Cada vez más las películas han pasado a ser objetos que no plantean ningún problema al entorno, no perturban el orden del mundo contemporáneo. Cada vez más las películas son pura parafernalia de efectos especiales, espacio de circulación y de conexión efímera: pura instantaneidad. Lo que fascina a todo el mundo es que la realidad esté corrompida por los signos. Es el triunfo de la simulación (forma desértica de lo social). Todo está hecho para ser visto sin ser contemplado: es la pura transparencia de las redes (no hay traducción), soberaría de la pulsión escópica del espectáculo. El imperativo categórico del espectáculo es la extraversión forzada de toda interioridad y la introyección forzada de toda exterioridad. En cambio, en el complejo mundo de lo cotidiano el espacio se hace fractal y holográfico: cada fragmento contiene el universo entero.

El efecto cotidiano es el más difícil de producir (o de captar). Nuevamente allí reside lo sublime de Lo bueno de llorar. Pero ¿qué es lo cotidiano? la cotidianeidad es la diferencia en la repetición, decía Baudrillard. En lo cotidiano lo que se repite no es “lo mimo”, sino “lo diferente”, lo que nunca se hace presente. Tanto en Lo bueno de llorar como en Lost in translation la realidad social es obscenamente cotidiana. La soledad compartida en la vida de los personajes bordea los límites del tedio.
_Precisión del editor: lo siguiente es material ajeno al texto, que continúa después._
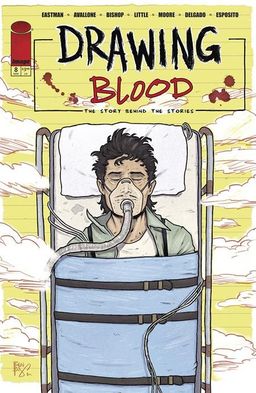 Variant cover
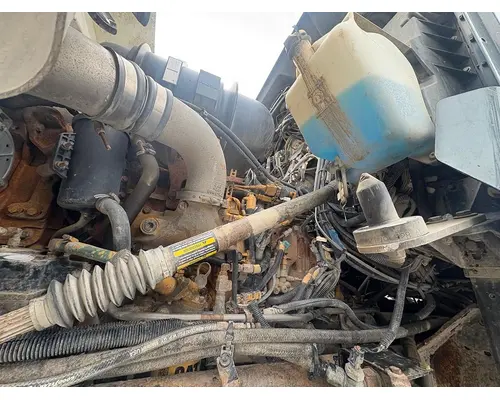 CAT C13 Engine Assembly
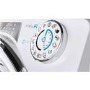 Refurbished Candy Rapido RO16106DWHC7 Freestanding Smart 10KG 1600 Spin Washing Machine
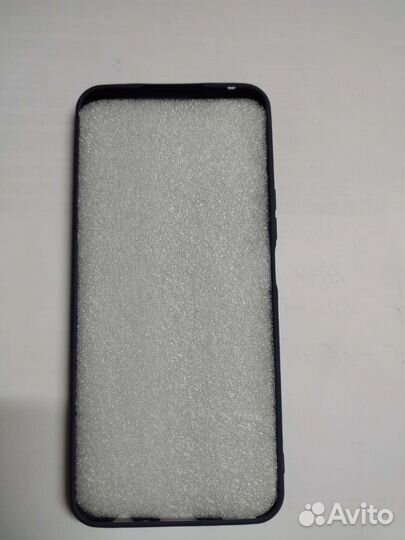 Чехол на honor x8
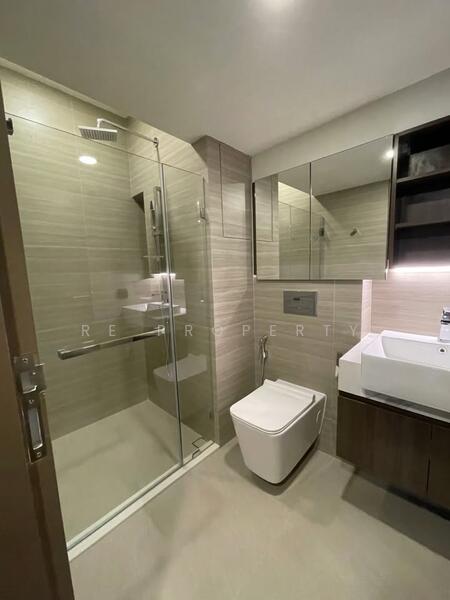 Park Origin Thonglor, Bangkok, Soi Thonglor 10, Sukhumvit Road, Khlong Tan Nua, Watthana, Bangkok, 2 Bedrooms, 61 sqm, Condo For Rent, by RE Property, 500131578 - DDproperty.com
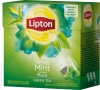 Herbata Lipton piramidka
El interés por la vida cotidiana –decía Norbert Lechner- se debe a un descontento y malestar con la misma: quiebre de los hábitos, disolución de las expectativas acostumbradas que remece nuestra sensibilidad. Al enfocar con la cámara los detalles de la vida cotidiana se hace posible contemplar la materia prima con la que construimos nuestras pautas de convivencia social y cómo deviene en orden natural: la vida cotidiana es una cristalización de las contradicciones sociales, permite explorar la textura de la sociedad.

Toda obra –decía Bourdieu- es hecha dos veces: por el creador y por el espectador (o por la sociedad a la que pertenece el espectador). Cadenas de miradas nos atan a la tierra. Lo cotidiano es el lugar privilegiado para contemplar lo que hemos hecho de nosotros mismos.